Ilan Sharon, Minnesotans Against Terrorism

Ilan Sharon, a son of Jewish refugees from Libya and Egypt, was born and raised in Haifa, Israel.  Following his army service where he ranked as a Captain, he started a software company in Israel that later merged with a Minneapolis based company.   

As the Executive Director of Minnesotans Against Terrorism, Ilan speaks frequently on the issue of terrorism and the struggle for Peace in the Middle East. He presents to thousands, at various conferences, high schools, colleges, churches, synagogues and community events. Ilan and M.A.T has garnered wide spread media coverage including television broadcasts and radio shows.

What got you interested in fighting radical Islam?

Both my parents were born and raised in Muslim countries where some Muslims treated them nicely and some didn’t.  I was born and raised in Haifa, Israel where to this day Jews, Muslims, and Christians live in coexistence.  I used to visit Muslim cities in the area, and had Muslim friends. But still, we were in a constant war with the Muslim countries around us and I always hoped for a time where we could live in peace with our neighbors.

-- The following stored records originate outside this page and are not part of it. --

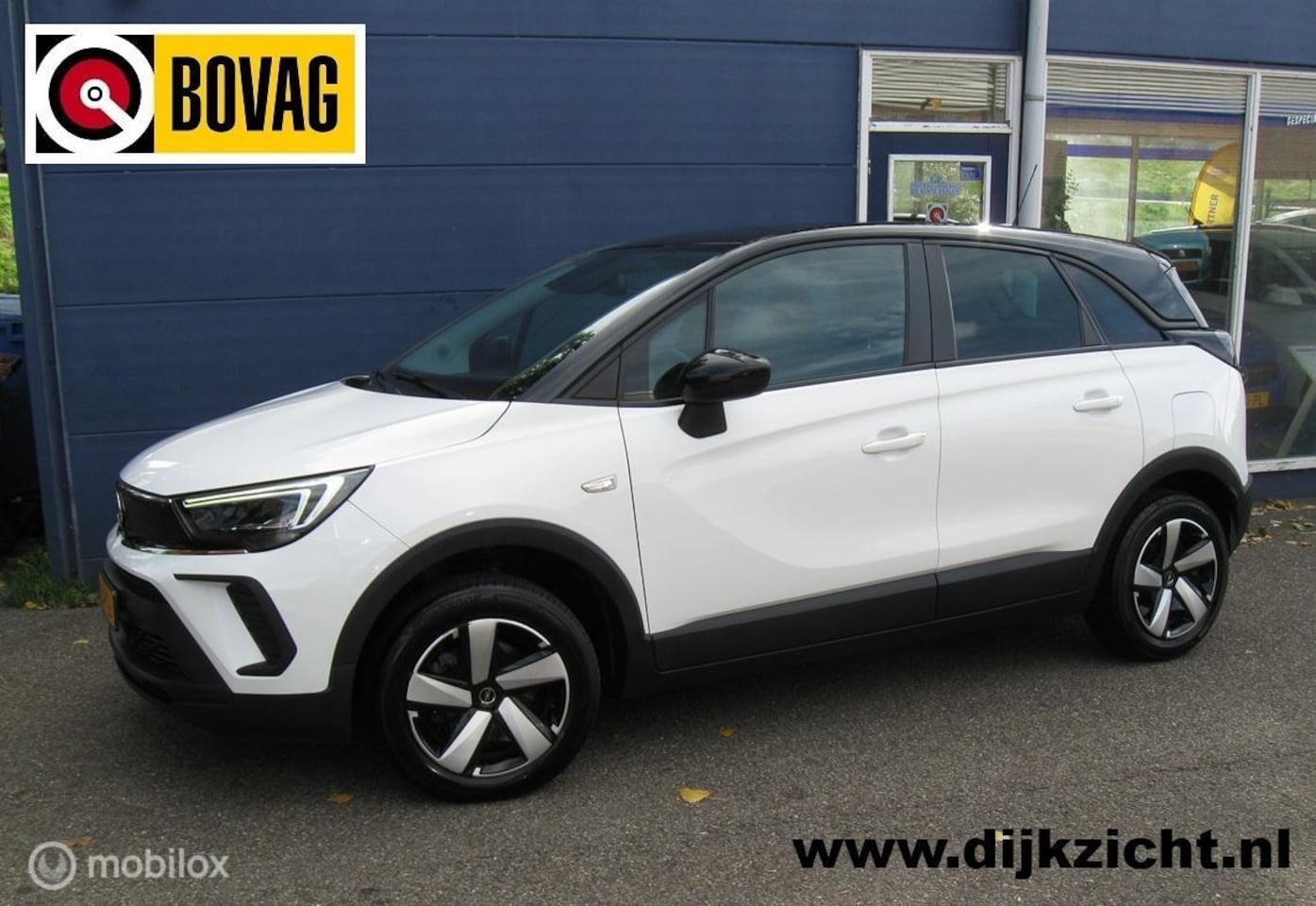 Opel Crossland - 1.2 Turbo Edition Nw Model Nwe Distributie 1e Eigenaar NL auto - AutoWereld.nl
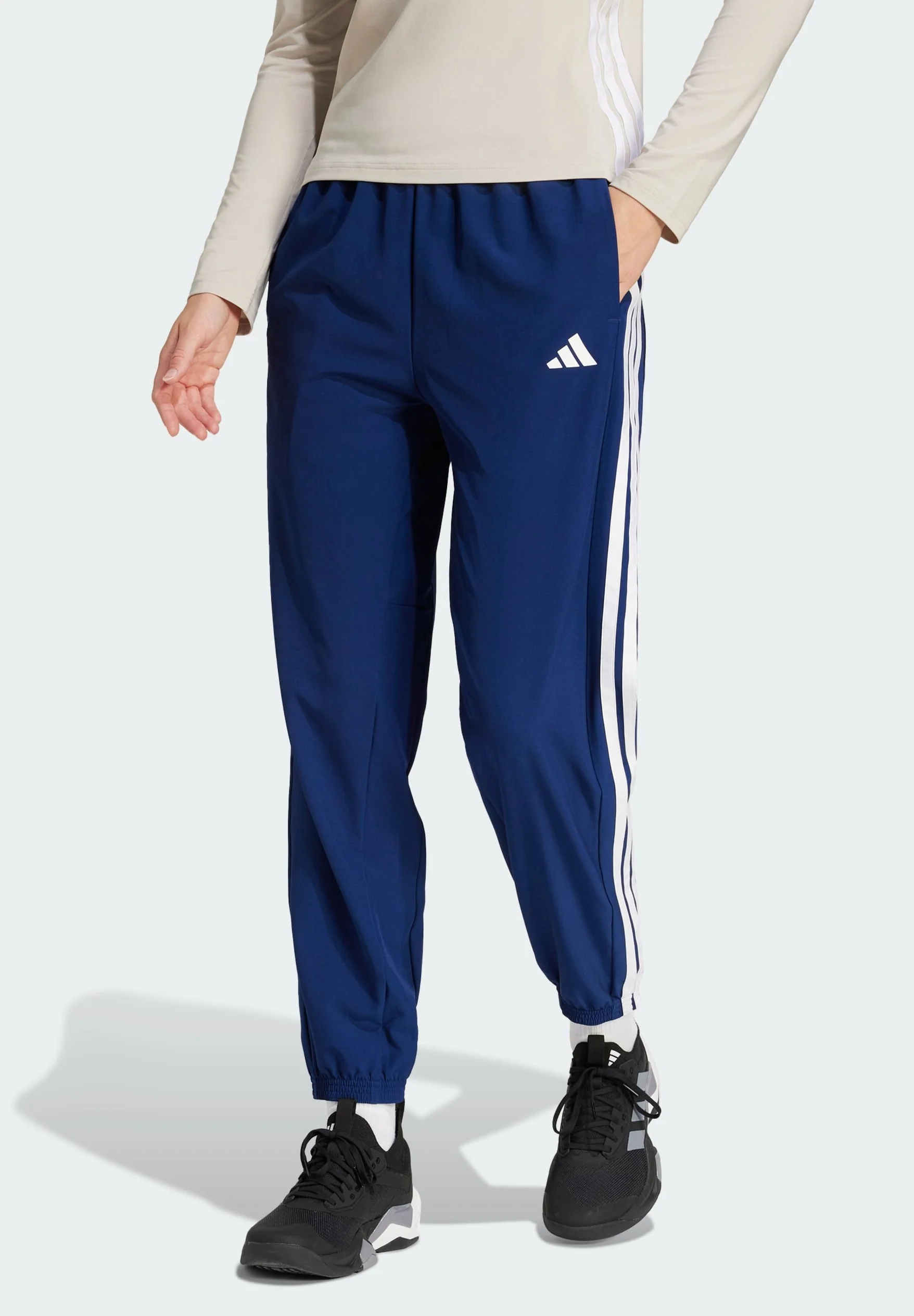 PANTALONI FEMEI - ADIDAS PANTALONI SPORT SLIM FIT  FEMEI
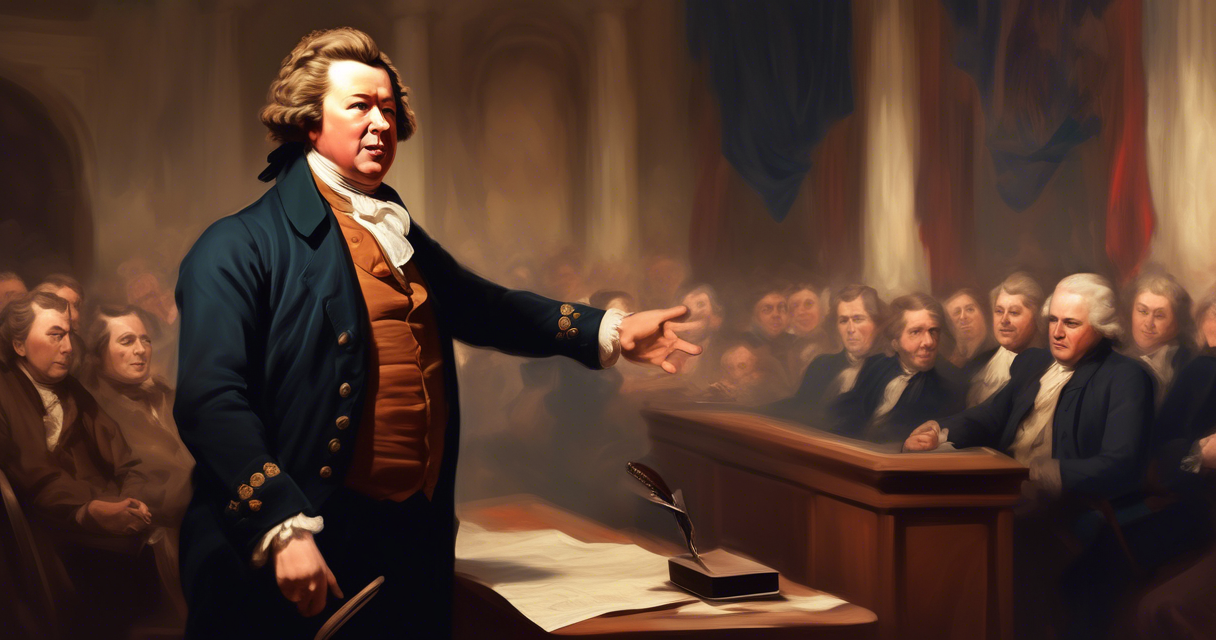 Edmund Burke’s Support for American Colonies: A Stand for Legislative Reason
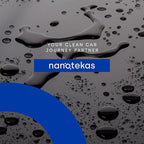 Nano Ceramic Coating for Cars' Windshield: Hydrophobic Glass Coating Spray Kit Provides Advanced Rain Visibility, Repels Dirt for Safer Driving. Professional Ceramic Coating for Cars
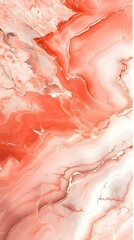 Luxury Marble Texture in light red Colors. Panoramic Template for a Smartphone Cover or Wallpaper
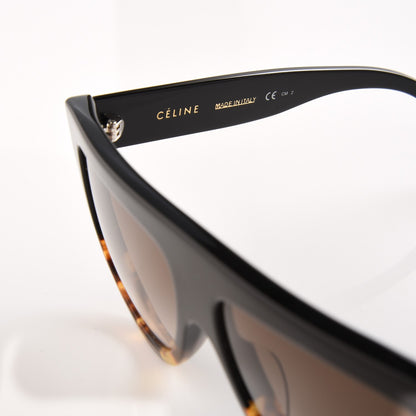 Celine Shadow Sunglasses CL 41026/S Black Havana 6 of 7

When the Oslo Peace Process started, I thought there was hope.  In the early 90's my company was acquired by a US-based company and I relocated to the US, but visited Israel often. In September 2000 I was in Israel when the second intifada started.  I recall watching on television how two Israeli reserve soldiers who accidentally drove to Ramallah, a Muslim city in the West Bank were lynched to death and their bodies were thrown out the window into a large angry crowd who continued to beat their corpses.

I couldn’t understand how after working towards peace for eight years, there was more hate than understanding.  I could no longer visit the same Arab cities I had as a boy. I decided to research the issue; including getting a hold on what is being said on Palestinian television, radio, newspapers and in mosques. What I discovered shocked and horrified me. Radical Islamic organizations had taken hold of the media and the mosque pulpit to spread hate towards America, Israel, Christians, Jews, and anyone that is not a radical Muslim. Their plan succeeded and a new Palestinian generation was growing to be radical and very dangerous, which only pushed further any hopes for peace.  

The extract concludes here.